He was certainly quiet as he left, for when she awoke the next morning the bed was again empty. She eyed it with no small amount of resentment, for her back was still stiff, but thought that if this was the price that must be paid, the catch in the curse of a year and a day, then maybe it wasn’t completely unsustainable. She didn’t suppose that the sleeper was a problem tied to the particular room and not a problem tied to her, so that it could be solved as easily as moving rooms, but maybe she could pull the mattress off one of the other beds and keep it on the floor of her room without being bothered. She’d find a way to make it livable.
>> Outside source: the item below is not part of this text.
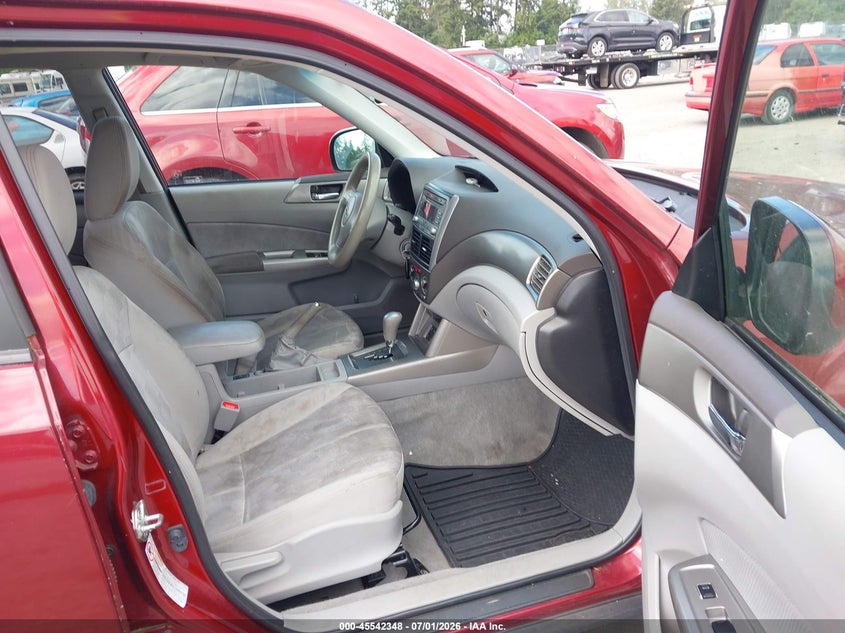 2010 Subaru Forester VIN JF2SH6CC9AH904007 IAAI salvage auction — NORMAL WEAR, Clear (Washington), sold $575 on 2026-07-29 (photo 5)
She wandered down the stairs in significantly less of a snit than she had the previous morning, tying her dressing gown around her waist and steeling herself for conversation.

The monster had again arisen before her, and was again only half-dressed. He gulped down the rest of the liquid in his glass when he saw her coming. “May I wish you a good morning?” he asked.
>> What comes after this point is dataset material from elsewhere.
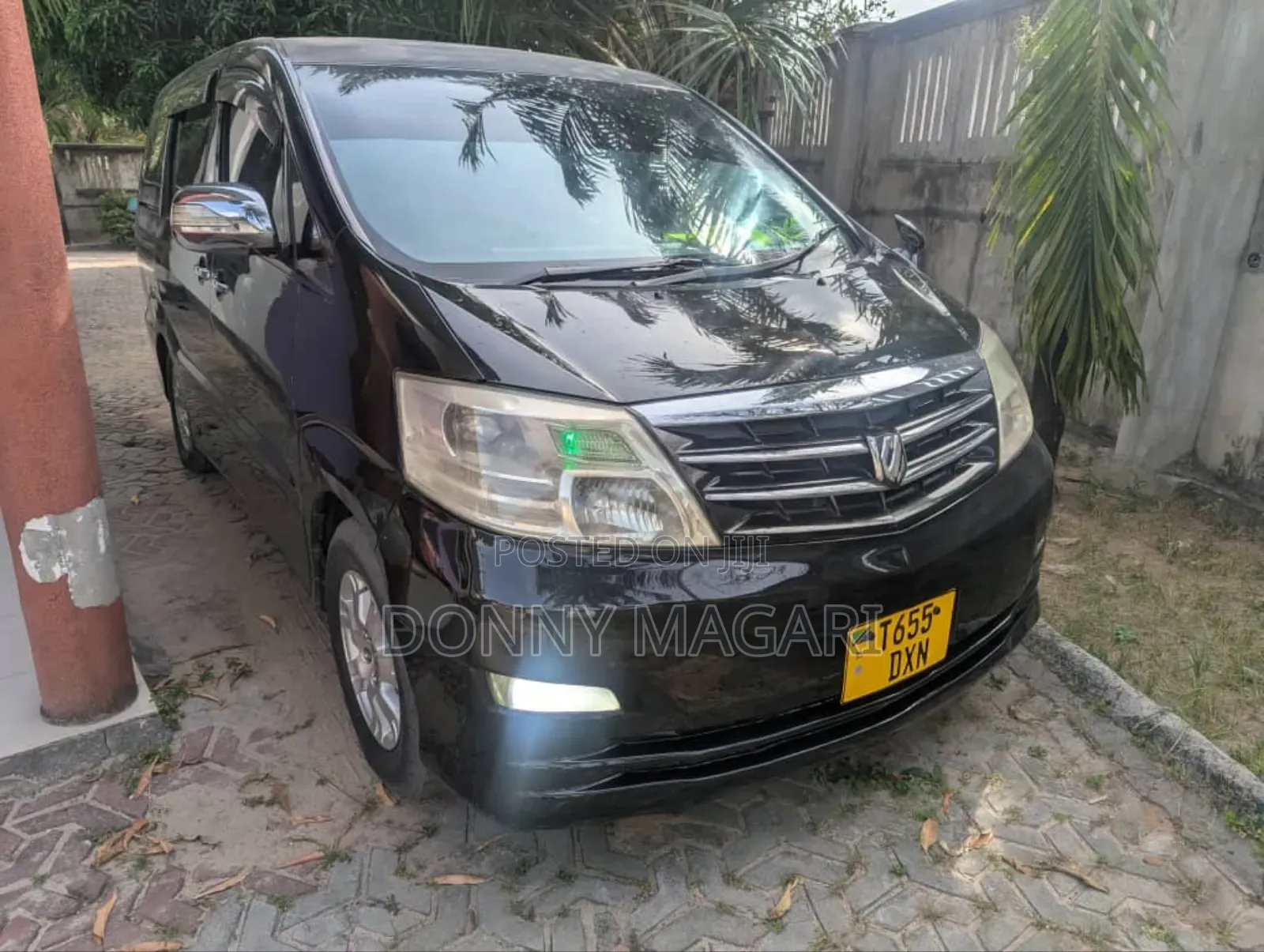 Toyota Alphard 2.4 Petrol AWD 2006 Black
“You don’t have to be glib,” she answered primly. “Do you mind if I join you for breakfast?”

“Toast and eggs today.”

“Lovely.” She pulled out her own chair and went about selecting two pieces of lightly-brown toast and scraping more butter onto them than she would have allowed herself at home. Her breakfast companion passed her a small jar of jam, and uncovered a frying pan and served her two eggs. The eggs were still warm, and the bread had a faint taste of honey beneath the blackberry jam. All in all it made her slightly wonder what she’d missed with the previous morning’s oatmeal. She turned her coffee cup rightways up in its saucer, and murmured a polite request for coffee. The monster blinked at her, and after an odd pause, passed her the carafe beside him and a little pitcher of cream. She filled up her cup and held it in both hands, savoring the warmth.
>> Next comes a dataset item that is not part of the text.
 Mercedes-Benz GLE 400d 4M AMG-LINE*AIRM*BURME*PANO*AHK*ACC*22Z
Then she saw that behind where the carafe had been a moment before, the glass that she’d assumed had been filled with whiskey before he finished it, was actually stained a dark red color by a thick liquid that clung to its sides. She replaced her cup in its saucer with shaking hands. She’d known, of course, what sort of creature he was. But somehow she hadn’t imagined he was drinking blood _here_ , in this fine house with her so near. Her newly-won feeling of safety wavered, and when she automatically took another bite of egg, it tasted rubbery. 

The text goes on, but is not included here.